In another incident, MacArthur was caught by a tactical officer performing some public displays of affection with a girl. The officer simply smiled. "Congradulations, Mister MacArthur." The cadet did not receive any demerits.
MacArthur also had his troubles academically. The space-time relationship that eventually would be a part of Albert Einstein's Theory of Relativity was so hard to get that he simply decided to memorize it. Upon being called by the teacher, Colonel Feiberger, to tell the class what the lesson was all about, MacArthur "solemnly reeled off almost word for word what the book said.
"Do you understand this theory?" Feiberger asked.
"No, sir." MacArthur replied.
"Neither do I, Mister MacArthur." said the Colonel after a pause. "Section dismissed."
MacArthur never did manage to put his head around the theory.
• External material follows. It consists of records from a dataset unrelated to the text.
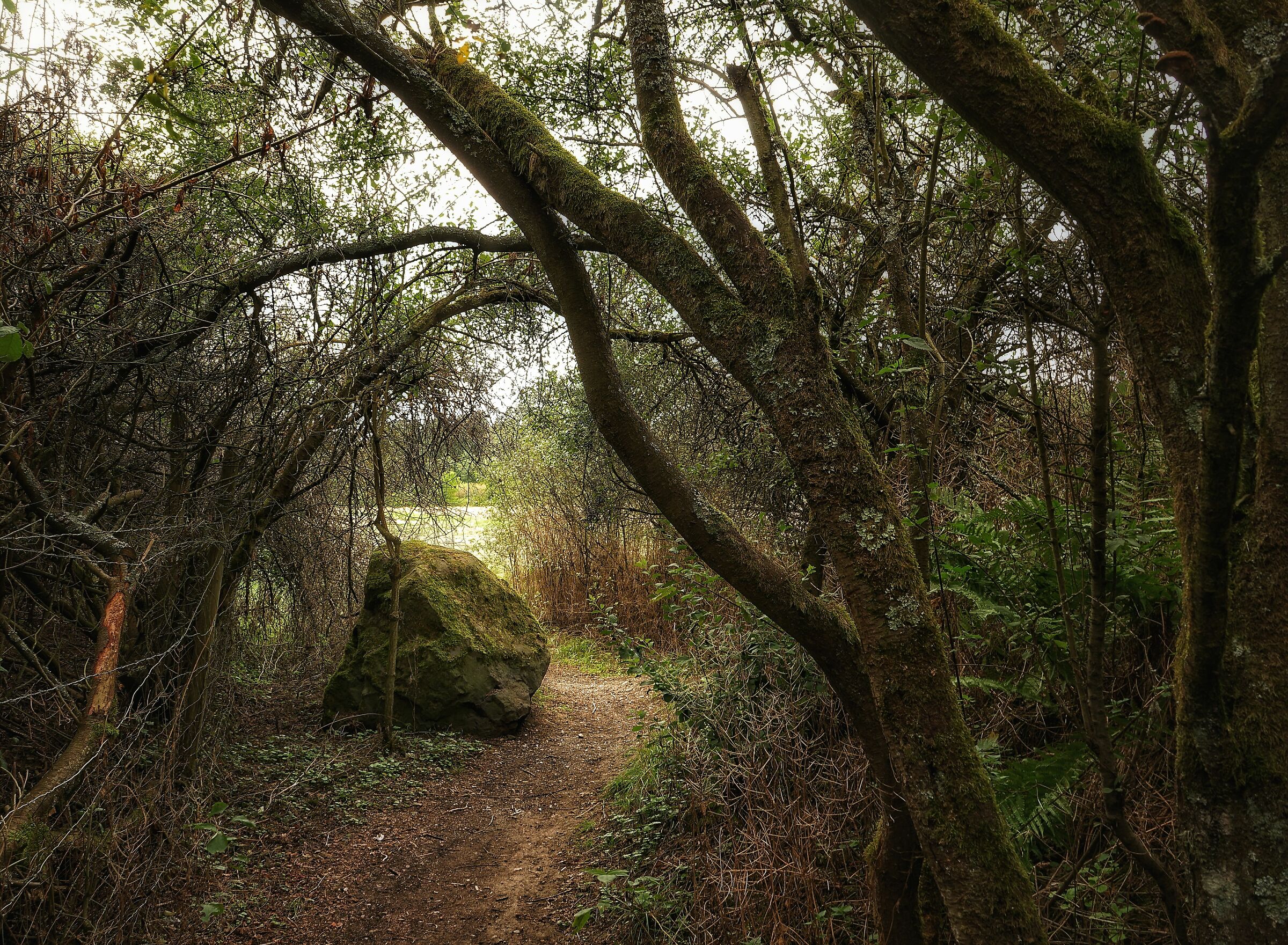 Entrata del Lago presso Rödgen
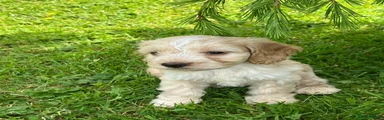 Cockapoo Puppy 8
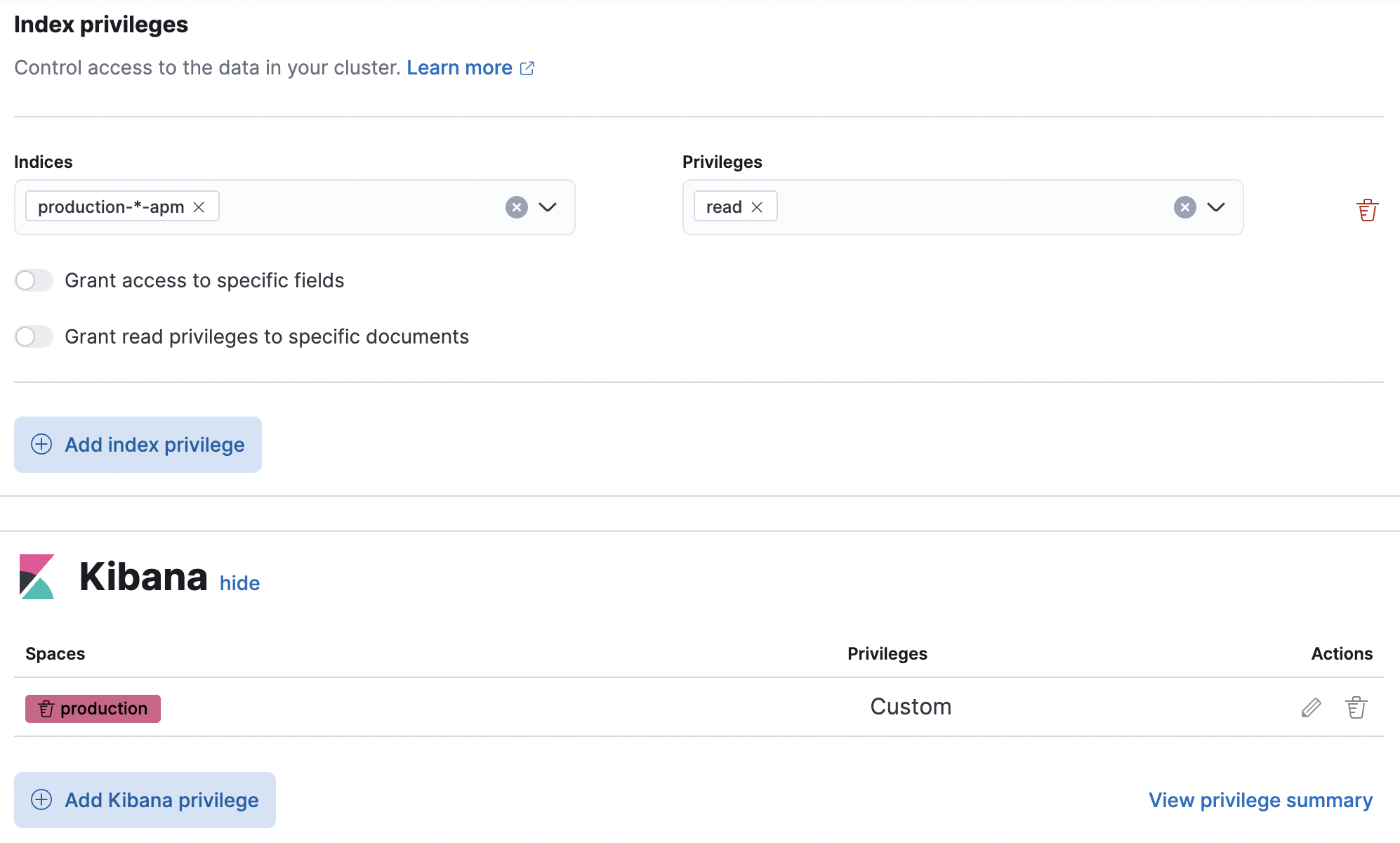 APM role config example APM role config example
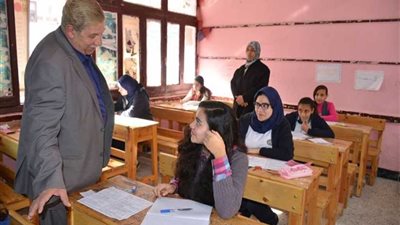 محافظ الإسماعيلية يتفقد لجان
By the time of he graduated on June 11, 1903, MacArthur had been a First Captain of the Corps and ranked first in his class. Indeed, it was the highest scholastic record in the past 25 years. He was now Second Lieutenant Douglas MacArthur of engineers.
He definitely got to see the world, going to far off places like the Philippines, India, and Japan, where he, along with his father, studied the Japanese Army when it was fighting against the Russians, getting a good look of the men he would eventually confront in World War II and even meeting the commanders who would forge victory in the Russo-Japanese War (1904-1905). "It was here that I first encountered the boldness and courage of the Nipponese soldier." MacArthur later wrote. "His almost fanatical belief and reverence for his Emperor impressed me indelibly." Still, he had his worries:
I was deeply impressed by and filled with admiration for the thrift, courtesy, and friendliness of the ordinary citizen. They seemed to have discovered the dignity of labor, the fact that a man is happier and more contented when constructing than when merely idling away time. But I had the uneasy feeling that the haughty, feudalistic samurai who were their leaders, were, through their victories, planting the seed of eventual Japanese conquest of the Orient. Having conquered Korea and Formosa, it was more than evident that they would eventually strike for control of the Pacific and domination of the Far East.
More success was to follow. He entered and graduated from the Engineer School of Application at Washington Barracks; served as an aide-de-camp to President Theodore Roosevelt; became a lecturer in the General Service Schools and the Cavalry School at Fort Riley and a member of the Engineer board and, in September 1913, of the General Staff; and, the following April, went to Veracruz during the dark days of the Mexican Revolution. When the U.S. entered the First World War, MacArthur was made Chief of Staff of the 42nd "Rainbow" Division.
Now, he had just received his first taste of modern war, and he would prove himself to be foolishly brave on the battlefields of France, refusing to don neither a helmet nor a gasmask when visiting the front lines. He was a prima donna even then.